(WatchDogReport.org) – Outgoing (much to many conservatives’ delight) Speaker of the House Nancy Pelosi (D-CA) issued a directive that no doubt helped some congressional staffers to ring in the new year with just a bit more to toast. For the third time in recent history, she raised the ceiling on how much money they can earn to up to $212,000 per year for those working in the House of Representatives.
House @SpeakerPelosi boosted the maximum rate that lawmakers can pay House staff as one of her final acts before handing over the speaker’s gavel.
It is the 3rd time Pelosi has raised the maximum House staff salary since last year. https://t.co/PO1777UBbu
— The Epoch Times (@EpochTimes) December 31, 2022
In a message posted to the official speaker webpage (which is no longer available but was widely quoted by various news outlets), Pelosi said this move was done for several reasons. First, she says that it will bring wages into line with what people in similar positions are paid in the executive branch.
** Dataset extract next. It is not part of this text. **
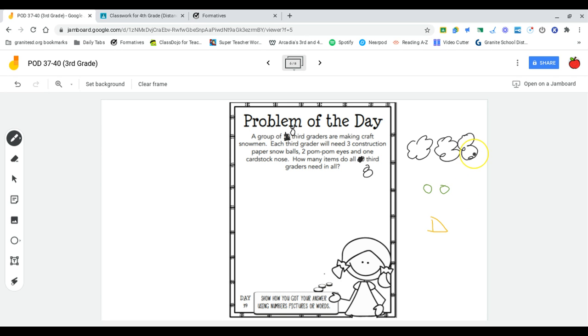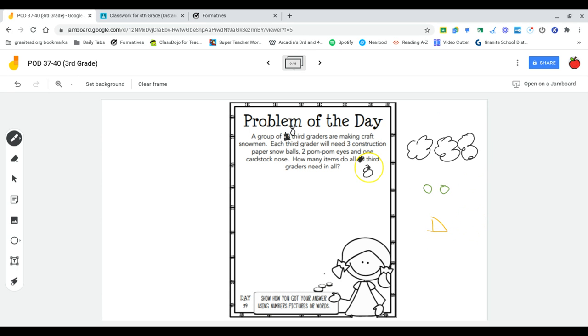Here you can see the supplies that each third grader needs. Each third grader needs all of the supplies, but we're trying to figure out how much all eight third graders need. In order to figure this out, I need to first decide how many supplies one person needs.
Another issue Pelosi says this will address is the ability of the representatives to both attract and keep top-notch people who might otherwise move to positions in the private sector. It does bring with it an unusual situation; now, some employees will be making more money each year than their bosses whose (base) current government paycheck is set at $174,000 annually.
Back in May 2022, Pelosi set the ceiling at $203,700 per year while at the same time setting a minimum salary for full-time employees at $45,000 yearly. This move came shortly after nonpartisan think tank and advocacy group Issue One released a report that said 13% of “DC-based congressional staff” made less than what is considered a living wage for those residing in the nation’s capital in 2020.
The report incorporates a definition put forth by the Massachusetts Institute of Technology (MIT), which says a living wage is simply “a minimum subsistence” level that excludes things such as dining in restaurants, entertainment, vacations, or savings and investments. Before the minimum was put in place, each Congressperson was responsible for determining pay scales in their office, which led to people doing the same jobs having a wide difference in their paychecks.